Friday, June 18, 2010
The aid agency explained on its Web site that 1,000 Pakistanis have been condemned because of their faith due to this law, such as a 5-year-old child who was burned alive for being a Christian, and is calling for support and worldwide prayer for the victims of this law as well as their families.
The petition, which was launched June 7, gathered more than 4,600 signatures in the first week. Supporters can add their signatures to the appeal against the blasphemy law and send messages of support, prayers and donations to the Catholic Church in Pakistan through the Web site.
The petition states: "We appeal to the government of Pakistan to repeal immediately the law on blasphemy, in particular paragraph 295 C of the criminal code, which establishes the death penalty for the offenders; we appeal to the government to guarantee the rights of all religious minorities of the country."
Protect the sacred
Bishop Joseph Coutts of Faisalabad, Pakistan, said that "this law, which should serve to protect the sacred, has been used for some time to oppress and persecute the religious minorities in Pakistan, including Christians," who represent 1.6% of the population.
The prelate, president of the Pakistani bishops' conference Justice and Peace Commission, is calling for the withdrawal of the anti-blasphemy law.

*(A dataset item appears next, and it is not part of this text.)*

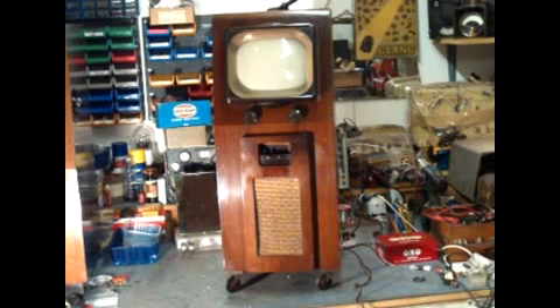It uses a rather dangerous mains-derived high voltage system supplying 5,000 volts to the cathode ray tube, directly from the mains via a transformer. This was the technology common of the day before we had what we call Line Flyback EHT, which is a lot safer and a lot cheaper too.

According to the bishop, the problem of the law against blasphemy worsened dramatically in 2001, when anti-Western feeling increased in Pakistan, reaching its peak with recent American interventions in Iraq and Afghanistan.
Bishop Coutts, who works for the rights of the Christian minority of Pakistan as well as interreligious dialogue, has received death threats.
However, he said that "we will not let ourselves be terrified by intimidation; we are going to continue our interfaith activities, for harmony and peace in the country."
The law on blasphemy, which is included in Pakistan's criminal code, allows for imprisonment and even capital punishment for those who are seen as insulting or profaning the name of the prophet Muhammad or the Qur'an.
In 1927, paragraph 295 was added to the criminal code to address "deliberate and malicious acts with the intention to offend the religious sentiments of any group by insulting their religion or their religious belief."
However, General Muhammad Zia-ul-Haq, Pakistani president from 1977 to 1988, introduced several amendments to the code, including life imprisonment for anyone who profanes the Qur'an and the death penalty for anyone who insults the prophet.
Since then, many Christians have suffered humiliations and persecutions as a result of false accusations of violating this law.
Marc Fromager, director of the French section of Aid to the Church in Need, said that this law is not precise in its formulation as it does not differentiate between a deliberate and a non-deliberate action.
Moreover, he said, according to this law, a person can be accused without proofs and the claimant has a status of impunity.
He noted that there have been an increasing number of sham trials and greater harshness in the punishments.
Arrests, murders and massacres have increased since the promulgation of these laws, Fromager said, and hundreds of places of worship have been destroyed.
The bishops' conference Justice and Peace Commission estimated that there have been 993 innocent victims of this law between 1986 and 2010, 120 of whom were Christians.